Assurément, de notre aventure, je ne regrette rien. Dans ma mémoire tu réchauffes jusqu'à ces soirs d'hiver où le froid emportait dans leur sommeil mes compatriotes du pays de la misère. Et si notre première rencontre a laissé dans mon âme une marque indélébile, notre dernière entrevue cicatrise douloureusement.

Car il n'y en a pas eu. Ce soir d'hiver, nous nous sommes quittés comme l'on se retrouvait d'habitude, sans penser le moindre instant que nous n'étions plus destinés à nous revoir. Et pourtant Kirsten, et pourtant je ne regrette rien. Je n'aurais pas supporté de voir les larmes recouvrir ton beau visage, je n'aurais pas supporté de sentir la peine écraser ton cœur ; je n'aurais pas supporté l'idée de me dire, que ces souffrances, j'en étais la cause. Et je n'aurais sans doute pas résisté à la tentation de t'avouer le fond de mes pensées, celles-là même que je déverse avec précipitation avant qu'elles ne disparaissent avec moi.

Aujourd'hui encore, je demeure convaincu que cette séparation, vive et brutale, était la meilleure option. Nous n'aurons pas trop souffert. Ma Kirsten, je te dois maintenant des explications. Je n'ose supporter l'idée de te savoir chagrinée, ou pire, fâchée. La douleur que tu éprouves résonne en moi et je ne quitterais ce monde en paix qu'à la condition de ton apaisement. Vois-tu, ton ami Klaus ne t'a pas abandonnée. Et même par-delà ce monde, il t'accompagnera encore longtemps.

Ils sont venus nous cueillir à l'aube, à l'heure où le soleil étale ses rayons de sang sur nos villes. Nous n'avons rien vu venir, sans doute vous non plus. Dès le moment où ils ont enfoncé la porte de la maison, ce fut comme si nous avions cessé d'exister.

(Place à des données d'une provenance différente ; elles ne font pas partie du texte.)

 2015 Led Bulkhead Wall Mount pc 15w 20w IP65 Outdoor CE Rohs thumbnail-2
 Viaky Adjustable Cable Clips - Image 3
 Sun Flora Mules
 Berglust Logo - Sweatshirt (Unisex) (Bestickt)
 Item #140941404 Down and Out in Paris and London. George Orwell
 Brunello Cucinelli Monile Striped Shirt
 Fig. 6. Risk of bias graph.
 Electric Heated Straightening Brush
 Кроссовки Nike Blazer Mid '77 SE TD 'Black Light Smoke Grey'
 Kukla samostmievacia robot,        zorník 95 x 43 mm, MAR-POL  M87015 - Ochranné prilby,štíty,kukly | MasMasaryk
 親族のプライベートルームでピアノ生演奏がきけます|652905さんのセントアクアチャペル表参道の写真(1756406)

Et, vers ce pays gorgé de sang et de cendres, j'emportais avec moi la dernière étoile tombée du ciel. Kirsten, tu ne peux t'imaginer à quel point ton souvenir a éclairé tant des recoins obscurs de mon âme. Plus encore, tu m'as sauvé la vie. Alors que notre humanité nous était retirée, alors que nous n'étions guère plus que des animaux, alors que même le Ciel nous refusait son aide, tu as cheminé à mes côtés sur ces rails d'enfer.

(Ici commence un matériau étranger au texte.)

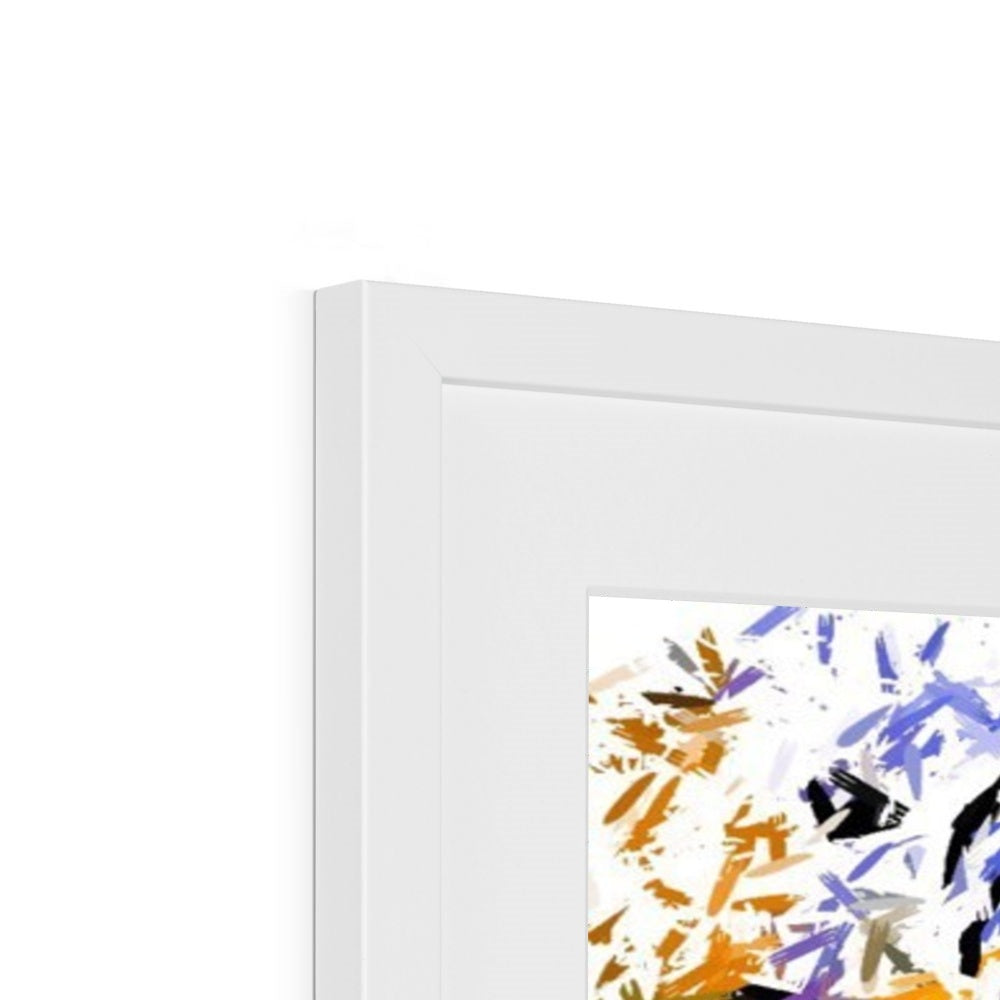 Woman in Color - Framed & Mounted Print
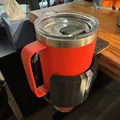 Giá đỡ ly kẹp mép bàn cho tumbler Stanley/Yeti - Thumbnail 2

Sitôt que le doute, l'envie de capituler, simplement de me laisser glisser le long des pentes de la mort m'envahissait, j'invoquais à moi ton sourire, ce sourire gorgé de gentillesse et de considération. Et, rempli de cette amitié, je ravalais mon défaitisme. J'ai supporté l'insupportable. J'ai attendu, debout, sans fléchir, malgré la faim qui me tordait le ventre et la soif brûlant au fond de ma gorge.

J'ai eu le temps de vivre cent vies avant que celle-ci ne s'achève. Brutalement, ils m'ont tout retiré. J'ai perdu mon père, ma mère, mes frères et mes sœurs ; Dieu seul sait ce qu'ils sont devenus aujourd'hui. Kirsten, seule la certitude de te savoir en vie, quelque part, peu importe où, me permettait de respirer, convaincu que si le fil ténu qui te reliait à la vie se brisait, j'en ressentirais la violence.

Et la violence, je ne me doutais pas qu'elle résumerait désormais mon existence. Je ne doutais pas que ces bourreaux dont nous avions observé, médusés, la montée en puissance, saccageraient à ce point la notion d'humanité. Ici, nous n'étions plus mêmes humains. Simplement, nous n'étions plus. Nous flottions dans un bagne, refusés par la vie et attendus par la mort.

Je ne pensais pas survivre. Face à tant d'indifférence, face à tant de cruauté, ma vie n'avait plus d'espérance. C'est uniquement, et je le répète, c'est uniquement ton souvenir qui m'a permis de tenir ─ et je ne sais si je dois te remercier ou te maudire pour m'avoir gardé dans cet enfer. Chaque jour tu emplissais mes pensées ─ je survivais pour toi. Chaque nuit tu marchais dans mes songes ─ je survivrais pour toi.

Et aujourd'hui, alors que la fin s'accroche à mes chevilles, alors que je sens son souffle froid sur ma nuque, je te rêve encore.